Goal of the exercise -> All of the data below should be repeated exactly. Pictures should not be included.

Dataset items

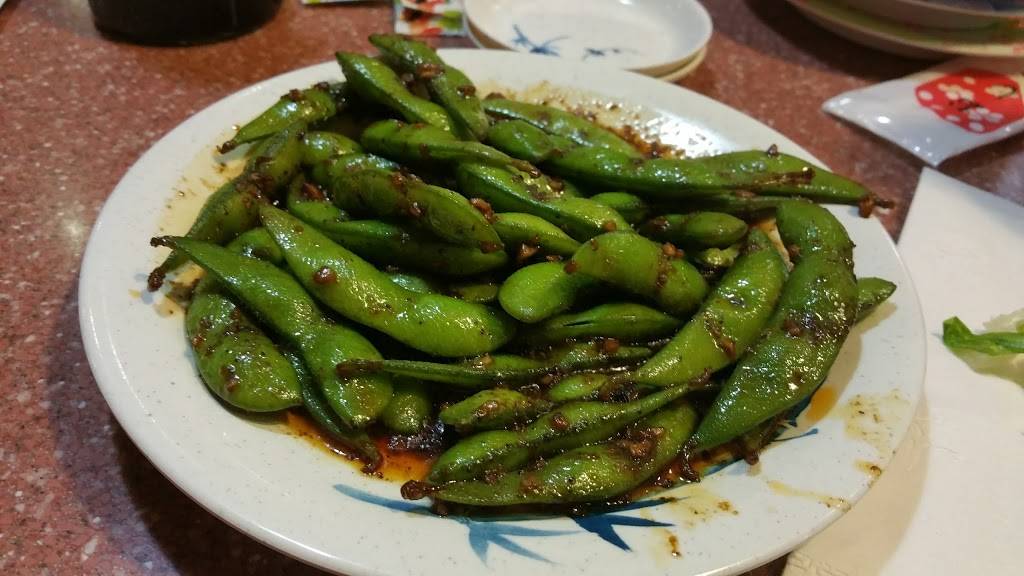 Sushi Station | restaurant | 2486 N Randall Rd, Elgin, IL 60123, USA | 8477830040 OR +1 847-783-0040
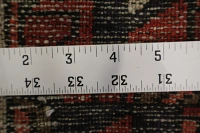 https://image-static-obj.rugsource.com/small/56282_3333038_0e35ce8e.jpeg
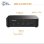 Mini PC Asus NUC14 N97 Intel Core N97 8GB 2000GB SSD UHD Graphics Windows 11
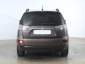 Mitsubishi Outlander, 2012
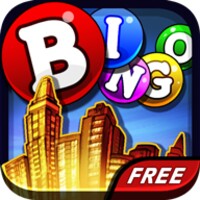 Bingo Club icon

Reply to the exercise ->
 Sushi Station | restaurant | 2486 N Randall Rd, Elgin, IL 60123, USA | 8477830040 OR +1 847-783-0040
 https://image-static-obj.rugsource.com/small/56282_3333038_0e35ce8e.jpeg
 Mini PC Asus NUC14 N97 Intel Core N97 8GB 2000GB SSD UHD Graphics Windows 11
 Mitsubishi Outlander, 2012
 Bingo Club icon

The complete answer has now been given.